13 May 2019

3 dynamics of evaluation of collaborative work in the company

evaluation dynamics

Table of contents

There is no doubt that collaborative working provides countless benefits to a company. From avoiding personal friction between co-workers to achieving goals by combining the strengths of different people, it is an approach that every corporation should consider. However, it is not enough to implement it, it must also be measured. This is where the evaluation dynamics.

The evaluation dynamics are a series of processes that, through a series of indicators, The main two aspects that can be measured are:

  1. How well or how badly something is being implemented. In this case, they are concerned with the correspondence between what is planned and what is implemented.
  2. How effective they are being. In this case, they are concerned with whether they are contributing to achieving the objectives expected of them.

As mentioned above, collaborative work is one of the areas in which evaluation dynamics can be used. Below we will see examples of some of them.

Dynamics of evaluation of collaborative work: examples

Before going any further, it is worth remembering that the purpose of collaborative work evaluation exercises is not to promote collaborative work in the company. Their purpose is different: to evaluate and measure the effectiveness of other dynamics that have been created to promote it.

With this in mind, we can highlight the following:

  • Surveys. This is one of the dynamics of quantitative evaluation, i.e. the information provided is objective and not subject to individual interpretation by the interviewer and the analyser. An example of this can be found in questions that ask the respondent to rate from 1 to 4 their level of agreement with certain information, with 1 being «strongly disagree» and 4 being «strongly agree». In our case, this information should, of course, refer to collaborative work in the company. In order to ensure that the answers are not conditioned, the surveys should be carried out individually with each employee, without the employee knowing what his or her colleagues are answering. It is possible to make the surveys anonymous in order to avoid conditioned responses, although the company may be interested in knowing the opinion of each individual employee.
  • Personal interviews.
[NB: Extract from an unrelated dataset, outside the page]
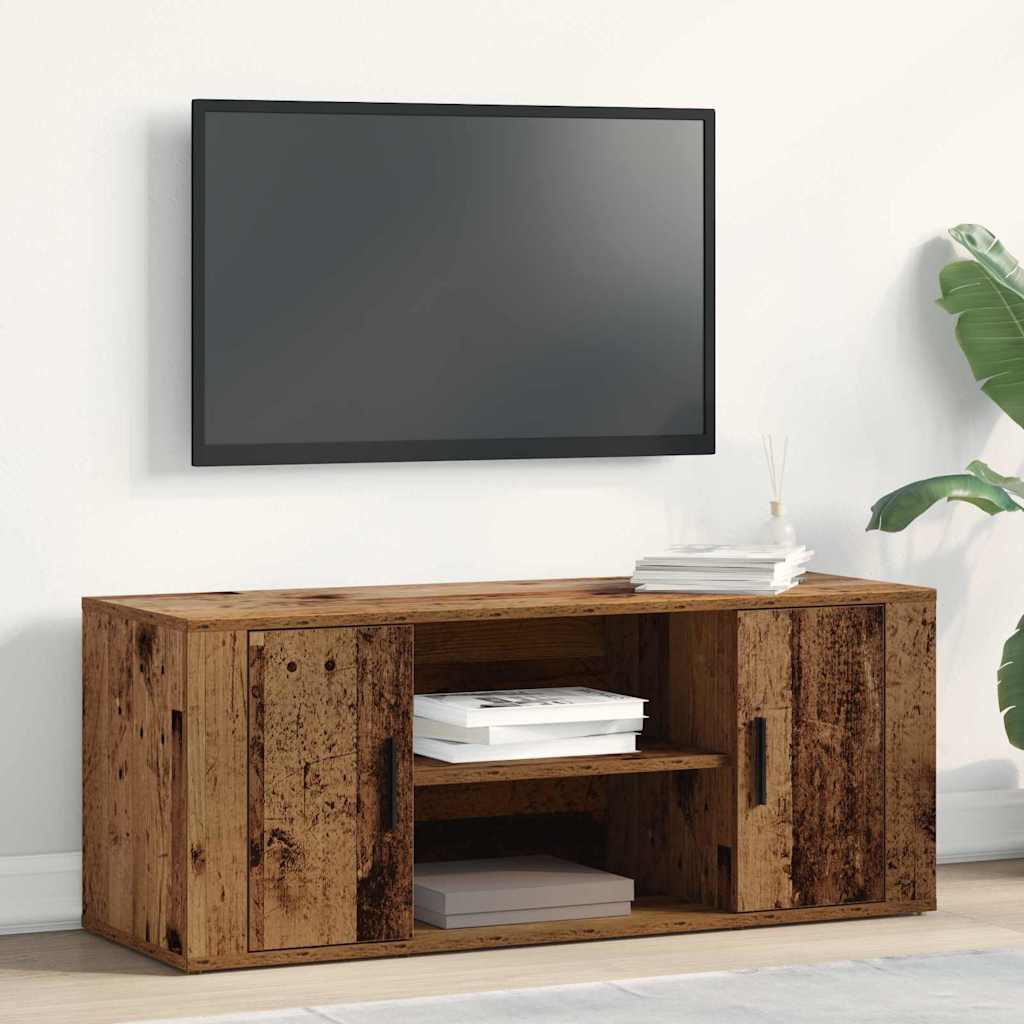 Meuble TV Bois ancien 100 x 35 x 40 cm Bois d'ingénierie - XIOS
They are qualitative evaluation dynamics, which means that the information provided by the interviewee, being more open than with surveys, may be subject to subjective interpretations by the interviewer and the analyser. As with surveys, face-to-face interviews should be conducted in such a way that no worker knows the answers of his or her colleagues, in order to avoid conditioning. On the other hand, an important difference between surveys and personal interviews is that the latter can never be anonymous, as the interviewer will always know who gives each answer. If we want to maintain anonymity to avoid conditioning, we can always make it clear to the interviewee that only the interviewer will know that it was the interviewee who gave the answers, as the analyser will be provided with the information without the name of the person.
  • Testing. A third possibility is to create a collaborative work environment with the sole purpose of evaluation. For example, you can design cooperative games such as an Escape Room or a gymkhana that deals with one's own work environment to observe how the work group responds to it: whether they collaborate with each other, who leads and who doesn't, how they counterbalance the weaknesses of one person with the strengths of another, etc.

In short, there are different evaluation dynamics that help us to measure how collaborative work is being implemented and developed in the company and, depending on the information provided, to maintain or modify its guidelines.